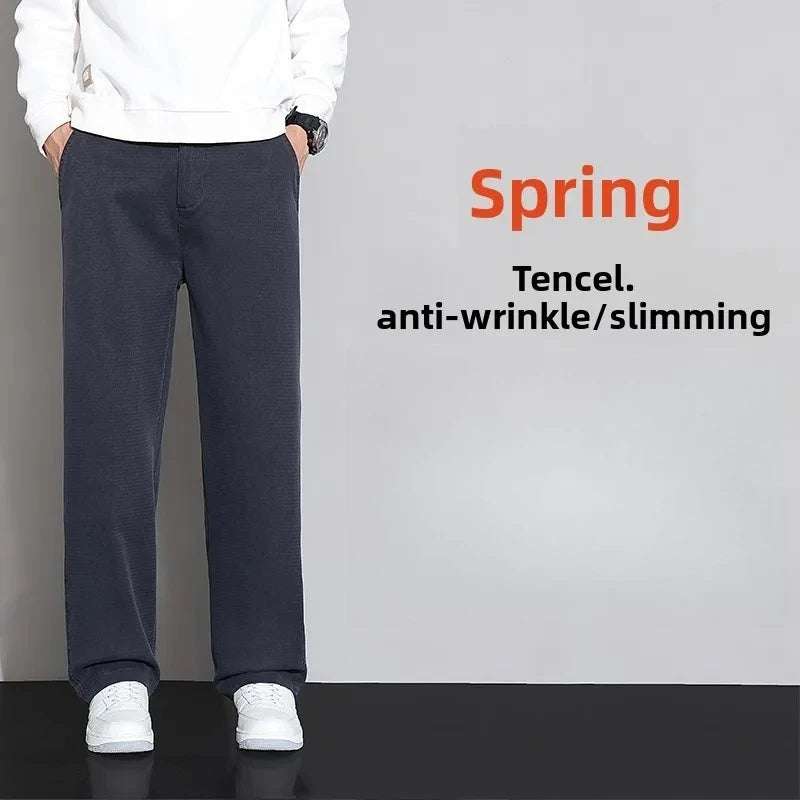 Jean Homme Loose Fit Jambe Large – Taille Élastique Tencel Casual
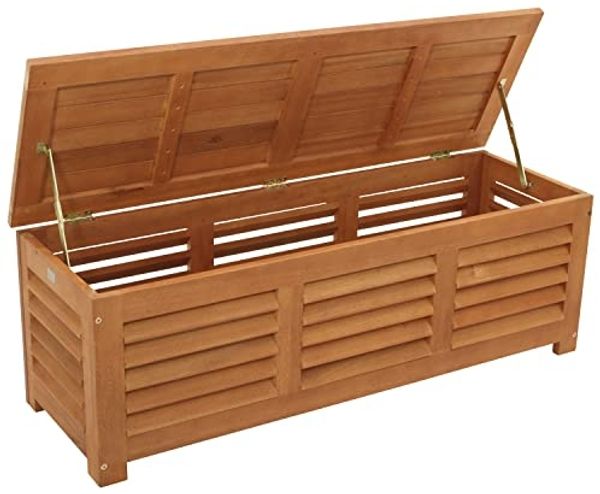 DEGAMO Kissenbox MONZA (1 St), 128x42x43,5cm, Eukalyptus Holz, mit Sitzpolster grau Bild 3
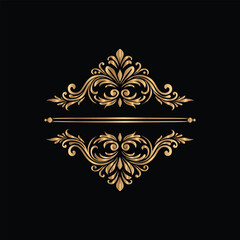 Vector golden vintage frame for design template. Elegant element for design in Eastern style, place for text. Floral golden border. Lace illustration for invitations and greeting cards.
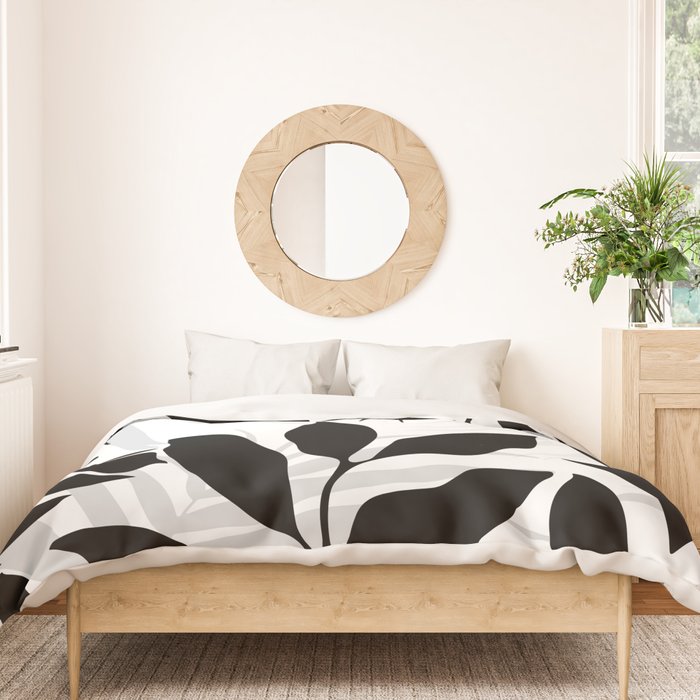 Tropical Vibes Black And White Foliage  Duvet Cover Gallery Image 3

» **Exercise**
Transcribe exactly the lines from the one holding "Vector golden vintage" through the final line of the material above, both ends included; any pictures should be dropped.

» **Reply**
 Vector golden vintage frame for design template. Elegant element for design in Eastern style, place for text. Floral golden border. Lace illustration for invitations and greeting cards.
 Tropical Vibes Black And White Foliage  Duvet Cover Gallery Image 3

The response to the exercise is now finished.